Exam 3 Chp 8/9 Flashcards
Is Target Costing a (Price-Taker) or (Price-Setter)
Target Costing is Price-Taker
Is Cost-Plus Pricing a (Price-Taker) or (Price-Setter)
Cost-Plus Pricing is a Price-Setter
What is the definition of Relevant Information
Information that differs among alternatives that incur in the future
What is the definition of Irrelevant Information
Past information that we cannot change.
Example Sunk cost.
When do you use Target Costing and What is the Formula?
You use Target Costing when the product is not unique and the competition is fierce and the company has no influence on the market.
Revenue at Market Price
(-) Desired Profit
———————————-
Target cost
When do you use Cost-Plus pricing and what is the Formula?
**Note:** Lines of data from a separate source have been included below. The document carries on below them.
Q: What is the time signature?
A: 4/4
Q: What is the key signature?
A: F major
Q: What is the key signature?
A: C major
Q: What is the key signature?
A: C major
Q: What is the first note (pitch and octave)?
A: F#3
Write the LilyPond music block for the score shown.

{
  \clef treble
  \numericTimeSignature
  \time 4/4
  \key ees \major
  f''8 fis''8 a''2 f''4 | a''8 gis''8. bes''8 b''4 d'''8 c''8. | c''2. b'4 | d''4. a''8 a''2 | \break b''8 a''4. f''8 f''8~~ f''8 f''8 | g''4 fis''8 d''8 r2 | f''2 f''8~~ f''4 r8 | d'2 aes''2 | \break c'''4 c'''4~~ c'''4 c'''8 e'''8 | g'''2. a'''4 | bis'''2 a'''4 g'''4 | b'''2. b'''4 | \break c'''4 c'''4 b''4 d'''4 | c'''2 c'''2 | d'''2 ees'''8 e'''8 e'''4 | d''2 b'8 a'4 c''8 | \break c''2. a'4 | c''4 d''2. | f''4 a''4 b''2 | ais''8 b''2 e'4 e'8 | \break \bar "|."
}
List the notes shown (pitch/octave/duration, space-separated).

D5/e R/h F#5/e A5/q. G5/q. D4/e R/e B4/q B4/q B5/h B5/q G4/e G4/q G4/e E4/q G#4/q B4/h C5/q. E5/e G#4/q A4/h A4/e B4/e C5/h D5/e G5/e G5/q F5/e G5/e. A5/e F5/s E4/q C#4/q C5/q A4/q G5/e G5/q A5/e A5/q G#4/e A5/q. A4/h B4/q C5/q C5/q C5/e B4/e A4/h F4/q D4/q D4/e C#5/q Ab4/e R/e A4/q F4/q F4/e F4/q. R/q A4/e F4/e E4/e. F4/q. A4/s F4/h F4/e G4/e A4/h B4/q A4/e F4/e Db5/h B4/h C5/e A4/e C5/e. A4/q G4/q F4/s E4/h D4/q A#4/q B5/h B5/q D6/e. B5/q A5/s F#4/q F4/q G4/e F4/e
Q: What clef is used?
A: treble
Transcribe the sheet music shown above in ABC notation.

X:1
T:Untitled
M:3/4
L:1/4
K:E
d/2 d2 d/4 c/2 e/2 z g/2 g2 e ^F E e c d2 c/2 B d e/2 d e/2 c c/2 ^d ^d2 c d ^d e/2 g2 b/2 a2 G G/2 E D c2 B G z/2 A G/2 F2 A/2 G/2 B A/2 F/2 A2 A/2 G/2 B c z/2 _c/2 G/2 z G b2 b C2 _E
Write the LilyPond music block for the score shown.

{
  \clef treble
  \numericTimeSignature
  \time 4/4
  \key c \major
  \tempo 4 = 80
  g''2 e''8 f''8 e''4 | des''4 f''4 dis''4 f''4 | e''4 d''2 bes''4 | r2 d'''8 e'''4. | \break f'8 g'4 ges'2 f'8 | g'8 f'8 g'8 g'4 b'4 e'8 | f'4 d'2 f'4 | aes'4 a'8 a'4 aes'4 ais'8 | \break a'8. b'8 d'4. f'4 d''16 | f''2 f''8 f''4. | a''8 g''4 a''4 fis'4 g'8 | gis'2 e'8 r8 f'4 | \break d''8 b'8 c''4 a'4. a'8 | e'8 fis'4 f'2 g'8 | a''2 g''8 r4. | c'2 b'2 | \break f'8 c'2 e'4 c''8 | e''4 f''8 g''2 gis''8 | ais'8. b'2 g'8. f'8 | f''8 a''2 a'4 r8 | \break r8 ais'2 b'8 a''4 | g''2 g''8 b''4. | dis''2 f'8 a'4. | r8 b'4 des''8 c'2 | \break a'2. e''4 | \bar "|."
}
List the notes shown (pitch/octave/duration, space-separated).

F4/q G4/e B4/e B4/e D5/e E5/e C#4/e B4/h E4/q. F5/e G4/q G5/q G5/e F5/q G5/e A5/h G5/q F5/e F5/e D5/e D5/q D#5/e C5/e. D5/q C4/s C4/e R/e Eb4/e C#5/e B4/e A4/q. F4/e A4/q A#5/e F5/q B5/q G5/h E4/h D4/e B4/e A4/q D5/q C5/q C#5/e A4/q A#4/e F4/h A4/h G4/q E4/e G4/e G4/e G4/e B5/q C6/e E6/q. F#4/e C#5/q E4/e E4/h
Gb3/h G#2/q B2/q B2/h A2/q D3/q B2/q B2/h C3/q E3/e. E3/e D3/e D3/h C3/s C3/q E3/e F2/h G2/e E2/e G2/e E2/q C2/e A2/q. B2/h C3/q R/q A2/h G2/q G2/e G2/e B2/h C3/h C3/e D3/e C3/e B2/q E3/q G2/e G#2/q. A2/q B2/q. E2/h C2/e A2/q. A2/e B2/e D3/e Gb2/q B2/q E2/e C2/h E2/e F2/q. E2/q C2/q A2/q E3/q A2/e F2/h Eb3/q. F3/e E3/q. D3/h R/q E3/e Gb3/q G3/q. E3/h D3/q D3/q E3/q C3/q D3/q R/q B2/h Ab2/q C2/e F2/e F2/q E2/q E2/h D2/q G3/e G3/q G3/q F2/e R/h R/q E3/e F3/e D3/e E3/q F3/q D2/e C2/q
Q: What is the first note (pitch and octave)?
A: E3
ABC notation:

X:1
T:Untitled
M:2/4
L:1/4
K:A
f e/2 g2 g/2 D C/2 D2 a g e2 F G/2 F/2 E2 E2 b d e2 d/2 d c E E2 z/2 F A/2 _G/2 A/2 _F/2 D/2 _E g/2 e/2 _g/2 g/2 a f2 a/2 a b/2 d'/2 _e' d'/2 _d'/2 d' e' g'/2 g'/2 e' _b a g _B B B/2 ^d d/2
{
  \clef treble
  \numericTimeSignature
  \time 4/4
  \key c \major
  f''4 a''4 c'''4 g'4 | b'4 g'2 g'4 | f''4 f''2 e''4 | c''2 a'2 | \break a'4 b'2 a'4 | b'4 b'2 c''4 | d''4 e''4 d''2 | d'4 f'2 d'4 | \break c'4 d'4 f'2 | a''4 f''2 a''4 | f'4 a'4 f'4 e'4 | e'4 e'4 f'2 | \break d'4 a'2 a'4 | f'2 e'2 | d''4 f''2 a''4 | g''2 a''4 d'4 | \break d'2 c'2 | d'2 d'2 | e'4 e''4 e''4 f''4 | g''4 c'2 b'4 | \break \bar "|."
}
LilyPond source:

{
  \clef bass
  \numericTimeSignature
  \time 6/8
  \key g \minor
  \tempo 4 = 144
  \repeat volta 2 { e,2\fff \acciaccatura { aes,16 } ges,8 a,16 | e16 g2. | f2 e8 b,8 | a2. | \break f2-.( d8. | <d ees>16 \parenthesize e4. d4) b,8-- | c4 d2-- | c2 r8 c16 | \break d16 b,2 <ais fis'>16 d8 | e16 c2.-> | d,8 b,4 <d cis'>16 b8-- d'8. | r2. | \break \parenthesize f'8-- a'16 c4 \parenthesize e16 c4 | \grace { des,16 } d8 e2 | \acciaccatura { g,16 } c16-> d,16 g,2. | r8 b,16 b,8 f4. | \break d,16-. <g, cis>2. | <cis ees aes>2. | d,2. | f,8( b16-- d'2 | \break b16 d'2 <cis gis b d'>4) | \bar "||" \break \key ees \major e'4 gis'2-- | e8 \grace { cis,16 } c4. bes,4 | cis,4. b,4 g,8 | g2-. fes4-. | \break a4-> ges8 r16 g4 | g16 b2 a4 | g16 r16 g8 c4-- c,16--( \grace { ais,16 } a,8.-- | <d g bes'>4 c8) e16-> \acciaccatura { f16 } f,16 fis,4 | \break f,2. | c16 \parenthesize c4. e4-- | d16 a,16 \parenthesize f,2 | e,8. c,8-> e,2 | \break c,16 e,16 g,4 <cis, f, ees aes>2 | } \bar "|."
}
You use Cost-Plus pricing when you are the Price setter you have influence in the market and can set your own prices.
(Unique Product)(Monopoly Market)
Total Cost
(+) Desired Profit
——————————-
Cost-Plus Price
What is a Special Order? What are key considerations on whether to accept or deny?
A One time order at a reduced price for a large quantity.
Key considerations-
- Do we have excess capacity to fill the order
- Will the reduced sale price be enough to cover costs
- Will the special order affect regular sales
How do you calculate return on assets?
Operating income (Divided by) Assets
If the plant is producing 630,000 cases a month, yet only operating at 90% of capacity, it must have a capacity level of? How do you find the total capacity?
Divide 630,000/.90 = 700,000 which is the total capacity
How do you calculate target variable cost? and Target fixed cost per unit)
Target total cost
(-)Fixed cost
———————-
Target Variable Cost
(Divide # of units)
—————————-
Target Variable cost per unit
To get Target total cost you would do target costing
How do you calculate target fixed cost?
Target total cost
(-)Variable cost
———————-
Target Fixed Cost
____ is extra inventory of finished goods that is kept on hand in case demand is higher than predicted or problems in the factory slow down production
Safety Stock
Managers will sometimes build _____ into their budgets to protect themselves against unanticipated expenses or lower revenues.
Slack
The sales budget and production budget are examples of _____
Operating Budget
The ______ is used to forecast how many units should be made to meet the sales projections.
Production Budget
_____ is a budgeting process that begins with departmental managers and flows up through middle management to top management.
Participative Budgeting
_____ is a budget that is continuously updated by adding months to the end of the budgeting period.
Rolling Budget
The _____ is the difference between actual and budgeted figures and is used to evaluate how well the manager controlled operations during the period.